Becoming Leaders

Becoming Leaders September 10, 2014

“personal growth is one half perspective, and one half harsh truths. And that the most important thing to remember isn’t the person you are, or even the person you’re striving to be, but the journey that exists between the two. 

Don’t ever stop trying.” – Spectra

Leadership is a journey between being and striving. 

So is practicing a craft. So is long term love. Or working as a healer. Or a parent. Or any number of things. This journey, once we pass a certain age, is also the journey toward adulthood.

Adulthood is a becoming. It is embedded in the English language: “so and so became an adult.” What we aren’t told, however, is that becoming doesn’t end. We are always in a state of becoming. To not be in a state of becoming is to diminish, to grow backward. To become something less than we are now.

There is no returning to the past. There is no end point. There is only change.

So it is with leadership.

I’ve been lately musing on some of the qualities a good leader needs:

  • The ability to listen.
  • The ability to learn.
  • The ability to make decisions, large and small.
  • The ability to know when we don’t know.
  • The ability to apologize.
  • The ability to take responsibility.
  • The ability to set good boundaries.
  • The ability to self-reflect.
  • The ability to look beyond the self.
  • The wish to be of service.

When I look at that list, all I can think is, “These are the qualities of adulthood.
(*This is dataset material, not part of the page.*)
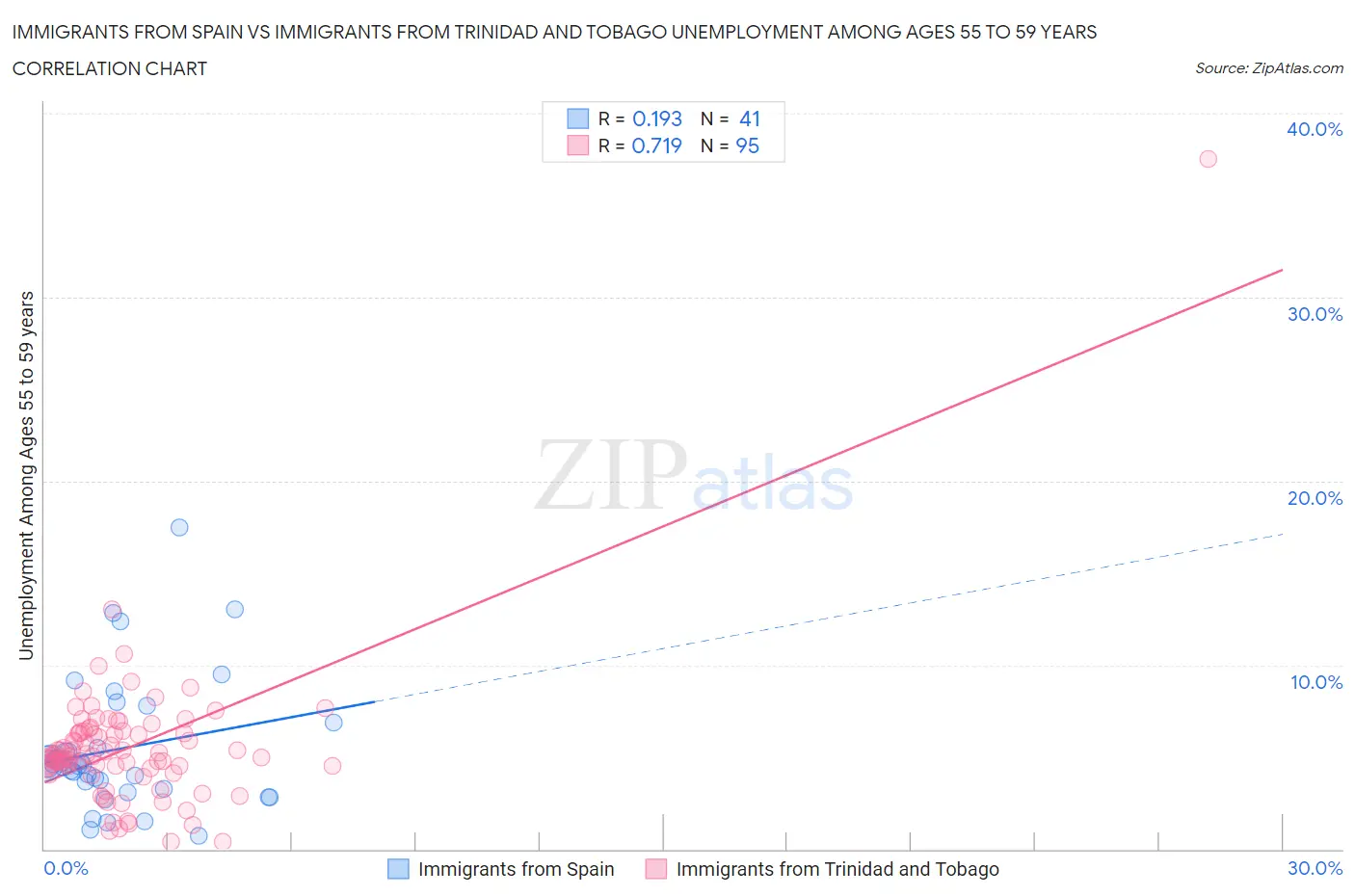 Immigrants from Spain vs Immigrants from Trinidad and Tobago Unemployment Among Ages 55 to 59 years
The things that we are supposed to learn, somehow, by the examples of those around us.”

elephants - ManicMorFF (morguefile)

It isn’t easy, this process of becoming a leader. It isn’t easy, this process of becoming an adult. 

I should more accurately state, though the language makes it awkward: It isn’t easy, this adulthood process of becoming, this leadership process of becoming.

We have to allow ourselves, continuously, to re-enter the state of becoming, with open eyes and open arms, with courage, and as much grace as we can muster.

It isn’t easy. Why? Many of us didn’t have good consistent teaching in this process of becoming. Some of us had actively bad teaching.

Bad behavior is both scorned and rewarded by the overculture. It becomes our entertainment. It can also breed a sense of entitlement that tells us, “I can do this too.”

Bolstering myself can become more important than bolstering community good…

and then the community well being is at stake, but we don’t care. We can surround ourselves with a cloak of righteousness, or with sycophants, or just friends who won’t be honest with us, in hopes “oh please oh please oh please” that we won’t be honest with them, in turn.

Sometimes I say that my primary work as a teacher is to help those who work with me to become better adults. A martial arts instructor I know often comments that what he really wants to teach is adulthood. I think he does. It just takes a long time.

Why? Because of the process of becoming. We learn a little bit today, and the rest slides by, until an event happens, or we learn enough other things, and then all of a sudden, that thing we saw or heard four years ago makes sense. And those of us who are teachers or leaders or parents are involved in that same process. Continuously.

There are no “born leaders.” There are only beings, born.

Born, and then becoming. Becoming artists. Dancers. Mechanics. Programmers. Fathers. Friends. Becoming this thing that we call human.

Becoming adults.

Leadership grows from becoming. And it keeps growing.

Anything less is just someone at the head of the line, shouting nothing much, to anyone who will listen.

We deserve adulthood from one another. We deserve the support needed to help us grow.